Wednesday, November 27, 2013

Happy Thanksgiving!

A special day set aside in our nation to give thanks to God for all His gifts to us.

Thanksgiving has a long history in our country, but the theme of giving thanks goes much further back in history, as recorded in the Bible. Two articles point out this significance as Thanksgiving this year is in an extremely rare coincidence with Hanakkah and the end of this Thanksgiving weekend coincides with the First Sunday of Advent.

Have a good time with family and friends and don't eat any more than I would. ;-)

Hanukkah and Our Attitude about the Future

(This is a post I originally made in 2003 and feel is worth repeating each year, especially in light of some very dark anti-human views of the future vs. ongoing and emerging developments that can provide resources for future generations. It is especially appropriate this year as Hanukkah actually coincides with Thanksgiving on the calendar.)

Rabbi Daniel Lapin has a provocative column in WorldNetDaily on a message of Hanukkah that is relevant to people of all faiths. He shows examples, ancient and modern, of how a pessimistic Malthusian worldview has been repeatedly disproved by the Creator's providence of material resources and the ingenuity to utilize them to provide for the future. Rabbi Lapin says:
It only seemed that we lacked sufficient copper, whale oil or wood. In reality, our God-given ingenuity developed exciting new technology that eliminated our need for each commodity just as it was becoming scarce.

Hanukkah's miracle was that, day after day, the Temple's menorah just kept on burning in spite of an apparent shortage of fuel - a metaphor, surely, for all apparent shortages that can be overcome with faith. Hanukkah invites us all to express gratitude to the Creator whose beneficence is boundless. It stimulates discussions that can spur our spiritual growth. It reminds us that with His gift of creativity, challenges become optimistic opportunities to partner with God in creatively solving all material shortage.

Friday, November 22, 2013

Fifty Years Ago

President John F. Kennedy addressing Congress on May 25, 1961 on reaching the Moon within the decade. Credit: NASA

In the Fall of 1963, I was in third grade. On that Friday afternoon, my class first heard the principal's announcement that President John F. Kennedy had been shot. Being in Catholic school, we immediately began saying Hail Marys. Shortly after, came the announcement that the President had died, more prayers and my teacher, Sr. Mary Alphonse, saying that we would see this event in our history books.

President Kennedy's Administration made history with the Cuban Missile Crisis, the partial nuclear test ban treaty, the Peace Corps, civil rights and, of course, the reach for the Moon.

Like any historical figure, Kennedy was a complex person in turbulent times. We later learned of the extent of his medical problems and of his personal moral flaws. At the same time, he showed the leadership skills to inspire American citizens to aspire to public service either formally, by entering government, or by in whatever way asking "what you can do for your country".
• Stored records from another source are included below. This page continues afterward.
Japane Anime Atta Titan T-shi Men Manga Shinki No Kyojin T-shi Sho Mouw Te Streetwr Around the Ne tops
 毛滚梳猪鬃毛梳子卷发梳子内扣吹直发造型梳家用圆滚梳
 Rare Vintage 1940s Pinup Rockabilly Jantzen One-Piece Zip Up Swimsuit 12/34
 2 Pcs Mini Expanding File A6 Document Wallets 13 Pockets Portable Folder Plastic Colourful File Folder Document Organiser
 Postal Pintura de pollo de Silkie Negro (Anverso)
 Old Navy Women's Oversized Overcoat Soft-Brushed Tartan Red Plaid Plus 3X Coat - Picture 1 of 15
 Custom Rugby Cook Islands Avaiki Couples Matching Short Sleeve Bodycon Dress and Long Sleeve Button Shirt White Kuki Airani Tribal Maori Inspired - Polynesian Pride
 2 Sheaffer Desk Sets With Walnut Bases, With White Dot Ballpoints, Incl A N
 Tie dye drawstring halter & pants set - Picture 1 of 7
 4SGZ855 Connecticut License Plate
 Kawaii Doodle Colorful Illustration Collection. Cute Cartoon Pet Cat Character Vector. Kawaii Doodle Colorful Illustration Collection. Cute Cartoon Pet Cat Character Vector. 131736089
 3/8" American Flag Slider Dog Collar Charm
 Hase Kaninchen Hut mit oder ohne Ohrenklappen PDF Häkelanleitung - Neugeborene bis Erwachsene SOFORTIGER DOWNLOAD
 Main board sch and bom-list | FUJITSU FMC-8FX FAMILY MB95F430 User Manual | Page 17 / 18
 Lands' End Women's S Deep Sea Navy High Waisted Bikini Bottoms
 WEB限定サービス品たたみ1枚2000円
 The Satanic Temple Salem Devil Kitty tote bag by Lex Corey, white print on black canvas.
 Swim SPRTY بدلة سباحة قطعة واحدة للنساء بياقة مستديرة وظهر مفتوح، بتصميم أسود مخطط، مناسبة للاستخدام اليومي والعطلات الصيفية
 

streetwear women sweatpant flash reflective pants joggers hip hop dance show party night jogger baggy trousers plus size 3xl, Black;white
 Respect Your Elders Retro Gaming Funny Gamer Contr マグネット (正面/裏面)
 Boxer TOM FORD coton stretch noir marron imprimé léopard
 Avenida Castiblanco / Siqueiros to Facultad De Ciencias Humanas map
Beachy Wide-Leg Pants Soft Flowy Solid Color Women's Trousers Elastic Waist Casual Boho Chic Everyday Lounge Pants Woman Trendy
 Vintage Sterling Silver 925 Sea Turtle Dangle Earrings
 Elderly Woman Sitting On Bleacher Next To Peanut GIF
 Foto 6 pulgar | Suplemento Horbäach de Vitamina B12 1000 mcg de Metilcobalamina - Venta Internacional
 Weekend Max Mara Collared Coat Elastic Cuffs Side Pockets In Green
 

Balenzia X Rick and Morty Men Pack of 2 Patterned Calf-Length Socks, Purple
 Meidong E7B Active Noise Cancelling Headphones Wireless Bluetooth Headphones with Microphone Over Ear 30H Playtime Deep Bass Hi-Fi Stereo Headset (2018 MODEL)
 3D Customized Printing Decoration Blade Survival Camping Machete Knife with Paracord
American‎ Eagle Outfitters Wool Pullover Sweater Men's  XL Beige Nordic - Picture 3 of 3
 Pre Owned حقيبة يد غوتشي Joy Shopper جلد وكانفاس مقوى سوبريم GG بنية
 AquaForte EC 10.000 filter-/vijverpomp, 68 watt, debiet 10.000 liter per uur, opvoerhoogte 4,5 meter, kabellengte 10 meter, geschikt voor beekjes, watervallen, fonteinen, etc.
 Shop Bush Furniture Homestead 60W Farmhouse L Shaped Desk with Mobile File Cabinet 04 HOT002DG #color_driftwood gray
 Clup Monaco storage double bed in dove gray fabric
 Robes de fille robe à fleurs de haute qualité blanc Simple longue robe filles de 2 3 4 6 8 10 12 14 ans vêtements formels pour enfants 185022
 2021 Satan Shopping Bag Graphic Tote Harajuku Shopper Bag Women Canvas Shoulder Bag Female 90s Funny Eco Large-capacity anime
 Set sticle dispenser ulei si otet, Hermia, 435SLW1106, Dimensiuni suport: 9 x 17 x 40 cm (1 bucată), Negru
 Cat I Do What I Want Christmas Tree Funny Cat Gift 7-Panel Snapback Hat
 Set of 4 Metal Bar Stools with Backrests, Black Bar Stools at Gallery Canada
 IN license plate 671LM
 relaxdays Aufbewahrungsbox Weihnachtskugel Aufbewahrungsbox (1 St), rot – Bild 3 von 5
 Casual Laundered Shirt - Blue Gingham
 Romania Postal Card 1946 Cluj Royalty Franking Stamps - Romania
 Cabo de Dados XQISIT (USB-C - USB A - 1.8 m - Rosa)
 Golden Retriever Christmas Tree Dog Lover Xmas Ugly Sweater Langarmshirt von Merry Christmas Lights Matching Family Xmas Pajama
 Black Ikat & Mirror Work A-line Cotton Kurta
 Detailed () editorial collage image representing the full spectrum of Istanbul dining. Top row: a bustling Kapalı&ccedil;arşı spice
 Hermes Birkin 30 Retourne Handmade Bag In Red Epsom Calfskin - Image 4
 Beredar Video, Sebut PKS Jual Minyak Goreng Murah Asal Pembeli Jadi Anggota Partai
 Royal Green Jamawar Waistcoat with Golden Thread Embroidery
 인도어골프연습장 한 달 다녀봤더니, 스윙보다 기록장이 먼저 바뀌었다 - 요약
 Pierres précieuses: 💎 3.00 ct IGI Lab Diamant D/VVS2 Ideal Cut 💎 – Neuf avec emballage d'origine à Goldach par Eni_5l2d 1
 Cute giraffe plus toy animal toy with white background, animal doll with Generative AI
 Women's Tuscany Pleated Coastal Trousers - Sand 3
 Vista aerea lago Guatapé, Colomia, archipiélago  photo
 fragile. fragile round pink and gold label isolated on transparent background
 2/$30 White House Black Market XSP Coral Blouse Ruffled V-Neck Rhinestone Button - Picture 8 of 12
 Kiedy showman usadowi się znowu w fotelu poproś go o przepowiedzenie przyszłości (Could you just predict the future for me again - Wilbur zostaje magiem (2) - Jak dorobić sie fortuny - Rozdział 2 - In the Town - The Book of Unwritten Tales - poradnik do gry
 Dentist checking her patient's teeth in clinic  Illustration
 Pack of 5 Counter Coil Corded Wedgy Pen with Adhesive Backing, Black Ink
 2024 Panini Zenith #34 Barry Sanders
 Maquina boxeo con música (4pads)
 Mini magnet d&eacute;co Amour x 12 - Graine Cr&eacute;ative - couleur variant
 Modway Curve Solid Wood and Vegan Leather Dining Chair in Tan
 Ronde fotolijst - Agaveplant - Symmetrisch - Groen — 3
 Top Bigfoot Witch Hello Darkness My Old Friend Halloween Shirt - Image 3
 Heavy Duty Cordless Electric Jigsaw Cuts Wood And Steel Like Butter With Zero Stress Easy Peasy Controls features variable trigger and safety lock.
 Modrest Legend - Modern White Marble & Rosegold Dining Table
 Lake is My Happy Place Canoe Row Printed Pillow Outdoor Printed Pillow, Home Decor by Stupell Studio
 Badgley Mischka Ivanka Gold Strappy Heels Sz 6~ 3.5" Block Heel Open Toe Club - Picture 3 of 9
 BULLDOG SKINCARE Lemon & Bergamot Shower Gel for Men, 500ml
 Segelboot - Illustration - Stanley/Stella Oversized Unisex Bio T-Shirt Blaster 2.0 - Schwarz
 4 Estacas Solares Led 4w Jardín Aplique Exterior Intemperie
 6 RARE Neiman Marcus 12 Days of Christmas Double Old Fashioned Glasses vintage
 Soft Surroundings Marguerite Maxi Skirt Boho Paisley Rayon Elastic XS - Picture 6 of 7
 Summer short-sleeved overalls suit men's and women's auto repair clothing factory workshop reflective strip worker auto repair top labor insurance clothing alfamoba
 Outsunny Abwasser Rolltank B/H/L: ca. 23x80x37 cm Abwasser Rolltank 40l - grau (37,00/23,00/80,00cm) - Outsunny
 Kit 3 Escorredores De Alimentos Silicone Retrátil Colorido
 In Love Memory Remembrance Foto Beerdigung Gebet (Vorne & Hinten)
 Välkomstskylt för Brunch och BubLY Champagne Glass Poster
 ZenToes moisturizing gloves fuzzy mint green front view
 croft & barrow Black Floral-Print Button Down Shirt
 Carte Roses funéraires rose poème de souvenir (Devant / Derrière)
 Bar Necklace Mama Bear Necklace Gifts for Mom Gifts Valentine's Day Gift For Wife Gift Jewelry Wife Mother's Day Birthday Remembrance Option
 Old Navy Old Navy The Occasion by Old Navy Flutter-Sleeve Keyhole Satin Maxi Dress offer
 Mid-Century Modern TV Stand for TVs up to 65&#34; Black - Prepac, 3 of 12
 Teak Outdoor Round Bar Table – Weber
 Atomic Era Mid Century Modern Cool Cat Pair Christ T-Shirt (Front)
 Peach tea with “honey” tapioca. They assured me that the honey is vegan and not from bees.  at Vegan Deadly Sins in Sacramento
The world was in a tense situation with the Cold War at that time. However the nation's recent experience in winning World War II, the post-war prosperity, the growing attention to civil rights for all Americans, and the dawning of the Space Age combined to generate a "can-do" spirit in society. This spirit of the time enabled JFK to ascend to leadership as much as his leadership helped further that spirit.

We can only speculate what would have occurred had there been no shooting in Dallas and JFK had completed one or two terms as president. In the tensions of our present day, may we not forget that crises can bring forth leadership that can find opportunities for accomplishment. May we never forget that our future as a nation and as human civilization depends on adhering to or recapturing the fundamental values of faith, life, liberty and human dignity that have enabled our advancement so far.

Finally, the sudden death of a young leader fifty years ago reminds us of the fleetingness and uncertainty of our temporal lives. May we be always mindful of the eternal things promised by God when our time of faithfully living each of our temporal lives comes to an end.